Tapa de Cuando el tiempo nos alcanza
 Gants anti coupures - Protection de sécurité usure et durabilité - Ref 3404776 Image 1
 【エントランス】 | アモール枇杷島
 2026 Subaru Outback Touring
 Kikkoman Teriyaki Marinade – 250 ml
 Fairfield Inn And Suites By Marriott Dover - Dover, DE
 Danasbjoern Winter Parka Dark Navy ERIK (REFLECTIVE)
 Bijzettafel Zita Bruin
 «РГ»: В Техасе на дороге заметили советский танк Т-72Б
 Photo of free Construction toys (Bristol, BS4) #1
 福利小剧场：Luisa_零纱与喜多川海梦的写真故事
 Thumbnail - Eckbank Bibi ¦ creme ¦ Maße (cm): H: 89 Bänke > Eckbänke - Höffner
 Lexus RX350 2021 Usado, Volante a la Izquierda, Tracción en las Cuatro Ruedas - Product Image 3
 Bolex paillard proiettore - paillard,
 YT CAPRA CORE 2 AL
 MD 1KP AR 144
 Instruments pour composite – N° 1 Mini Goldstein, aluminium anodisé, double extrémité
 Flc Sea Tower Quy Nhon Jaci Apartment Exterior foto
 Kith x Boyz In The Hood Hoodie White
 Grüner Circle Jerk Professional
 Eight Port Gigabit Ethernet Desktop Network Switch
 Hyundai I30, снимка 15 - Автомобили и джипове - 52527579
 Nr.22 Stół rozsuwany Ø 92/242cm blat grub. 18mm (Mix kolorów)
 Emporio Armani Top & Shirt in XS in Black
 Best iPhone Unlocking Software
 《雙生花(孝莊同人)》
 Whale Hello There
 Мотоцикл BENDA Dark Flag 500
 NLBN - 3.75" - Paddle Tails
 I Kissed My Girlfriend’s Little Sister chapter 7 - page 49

## Exercise brief
A faithful, word-for-word transcription of the data above is required.

## Exercise result
Tapa de Cuando el tiempo nos alcanza
 Gants anti coupures - Protection de sécurité usure et durabilité - Ref 3404776 Image 1
 【エントランス】 | アモール枇杷島
 2026 Subaru Outback Touring
 Kikkoman Teriyaki Marinade – 250 ml
 Fairfield Inn And Suites By Marriott Dover - Dover, DE
 Danasbjoern Winter Parka Dark Navy ERIK (REFLECTIVE)
 Bijzettafel Zita Bruin
 «РГ»: В Техасе на дороге заметили советский танк Т-72Б
 Photo of free Construction toys (Bristol, BS4) #1
 福利小剧场：Luisa_零纱与喜多川海梦的写真故事
 Thumbnail - Eckbank Bibi ¦ creme ¦ Maße (cm): H: 89 Bänke > Eckbänke - Höffner
 Lexus RX350 2021 Usado, Volante a la Izquierda, Tracción en las Cuatro Ruedas - Product Image 3
 Bolex paillard proiettore - paillard,
 YT CAPRA CORE 2 AL
 MD 1KP AR 144
 Instruments pour composite – N° 1 Mini Goldstein, aluminium anodisé, double extrémité
 Flc Sea Tower Quy Nhon Jaci Apartment Exterior foto
 Kith x Boyz In The Hood Hoodie White
 Grüner Circle Jerk Professional
 Eight Port Gigabit Ethernet Desktop Network Switch
 Hyundai I30, снимка 15 - Автомобили и джипове - 52527579
 Nr.22 Stół rozsuwany Ø 92/242cm blat grub. 18mm (Mix kolorów)
 Emporio Armani Top & Shirt in XS in Black
 Best iPhone Unlocking Software
 《雙生花(孝莊同人)》
 Whale Hello There
 Мотоцикл BENDA Dark Flag 500
 NLBN - 3.75" - Paddle Tails
 I Kissed My Girlfriend’s Little Sister chapter 7 - page 49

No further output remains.